= Beginning of Section =

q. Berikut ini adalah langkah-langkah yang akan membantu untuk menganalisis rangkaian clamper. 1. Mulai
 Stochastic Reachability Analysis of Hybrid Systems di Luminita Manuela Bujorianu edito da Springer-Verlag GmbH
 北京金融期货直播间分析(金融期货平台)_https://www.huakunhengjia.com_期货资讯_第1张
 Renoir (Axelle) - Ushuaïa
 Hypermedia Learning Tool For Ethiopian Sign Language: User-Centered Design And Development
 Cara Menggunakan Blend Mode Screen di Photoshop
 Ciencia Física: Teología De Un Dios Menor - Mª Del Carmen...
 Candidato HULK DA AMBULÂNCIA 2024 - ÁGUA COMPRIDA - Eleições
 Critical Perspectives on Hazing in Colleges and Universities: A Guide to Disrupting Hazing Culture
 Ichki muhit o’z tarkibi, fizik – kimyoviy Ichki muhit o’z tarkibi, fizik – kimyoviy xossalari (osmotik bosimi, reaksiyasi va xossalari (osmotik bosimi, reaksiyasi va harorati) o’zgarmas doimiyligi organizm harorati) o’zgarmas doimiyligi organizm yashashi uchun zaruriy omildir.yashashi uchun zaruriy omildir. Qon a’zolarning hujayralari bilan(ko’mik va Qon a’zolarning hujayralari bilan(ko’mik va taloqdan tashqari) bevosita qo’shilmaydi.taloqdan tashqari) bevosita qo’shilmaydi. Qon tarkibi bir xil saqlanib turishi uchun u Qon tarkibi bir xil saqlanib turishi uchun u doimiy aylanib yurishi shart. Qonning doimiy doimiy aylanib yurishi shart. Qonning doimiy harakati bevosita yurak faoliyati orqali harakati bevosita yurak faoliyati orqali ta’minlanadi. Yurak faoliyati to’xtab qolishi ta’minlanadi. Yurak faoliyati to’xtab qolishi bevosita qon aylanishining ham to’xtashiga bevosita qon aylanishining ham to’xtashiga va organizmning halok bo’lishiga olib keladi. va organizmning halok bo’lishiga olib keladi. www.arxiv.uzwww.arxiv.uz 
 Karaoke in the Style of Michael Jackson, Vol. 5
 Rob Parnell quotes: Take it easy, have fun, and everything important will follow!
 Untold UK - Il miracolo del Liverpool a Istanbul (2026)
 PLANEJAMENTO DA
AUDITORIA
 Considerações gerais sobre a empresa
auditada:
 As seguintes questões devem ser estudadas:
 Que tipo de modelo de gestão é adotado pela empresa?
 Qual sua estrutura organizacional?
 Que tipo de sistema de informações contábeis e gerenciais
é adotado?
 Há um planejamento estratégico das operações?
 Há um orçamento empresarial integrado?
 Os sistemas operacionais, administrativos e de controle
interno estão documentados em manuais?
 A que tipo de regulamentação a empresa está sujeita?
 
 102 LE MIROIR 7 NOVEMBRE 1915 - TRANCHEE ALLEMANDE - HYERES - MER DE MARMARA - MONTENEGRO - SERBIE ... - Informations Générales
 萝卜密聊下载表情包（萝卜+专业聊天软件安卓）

= End of Section =

Begin with the line containing "empresa está sujeita?" and retype it and each line after it through the end of the records, keeping them exact and including nothing more.

RESPONSE BOX >>
 A que tipo de regulamentação a empresa está sujeita?
 
 102 LE MIROIR 7 NOVEMBRE 1915 - TRANCHEE ALLEMANDE - HYERES - MER DE MARMARA - MONTENEGRO - SERBIE ... - Informations Générales
 萝卜密聊下载表情包（萝卜+专业聊天软件安卓）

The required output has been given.